From bd9ed50e493aee23812bcc4b43a9cbf92d3d5a99 Mon Sep 17 00:00:00 2001
From: James Verbus <jverbus@linkedin.com>
Date: Tue, 17 Dec 2024 01:10:26 -0800
Subject: [PATCH] Made minor edits to match the proposed Estimator
 transformSchema method to the existing Model transformSchema method. (#61)

---
 .../isolationforest/IsolationForest.scala     | 26 +++++++++----------
 .../IsolationForestModel.scala                |  6 ++---
 2 files changed, 16 insertions(+), 16 deletions(-)
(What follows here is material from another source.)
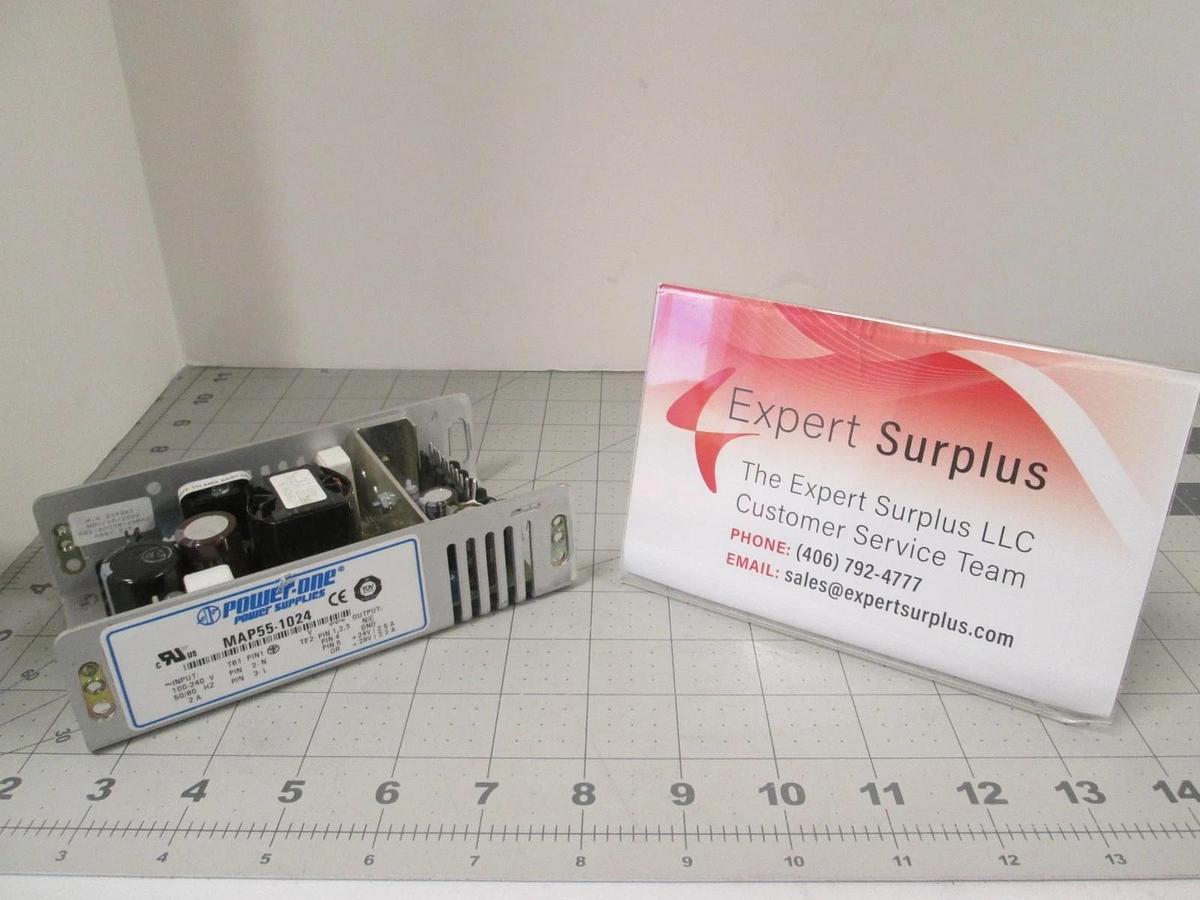 Used Power One, MAP55-1024, Power Supply, Used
diff --git a/isolation-forest/src/main/scala/com/linkedin/relevance/isolationforest/IsolationForest.scala b/isolation-forest/src/main/scala/com/linkedin/relevance/isolationforest/IsolationForest.scala
index 1864926..42864da 100644
--- a/isolation-forest/src/main/scala/com/linkedin/relevance/isolationforest/IsolationForest.scala
+++ b/isolation-forest/src/main/scala/com/linkedin/relevance/isolationforest/IsolationForest.scala
@@ -187,11 +187,13 @@ class IsolationForest(override val uid: String) extends Estimator[IsolationFores
 
   /**
     * Validates the input schema and transforms it into the output schema. It validates that the
-    * input DataFrame has a $(featuresCol) of the correct type. In this case, the output schema appends
-    * the output columns to the input schema.
+    * input DataFrame has a $(featuresCol) of the correct type and appends the output columns to
+    * the input schema. It also ensures that the input DataFrame does not already have
+    * $(predictionCol) or $(scoreCol) columns, as they will be created during the fitting process.
     *
     * @param schema The schema of the DataFrame containing the data to be fit.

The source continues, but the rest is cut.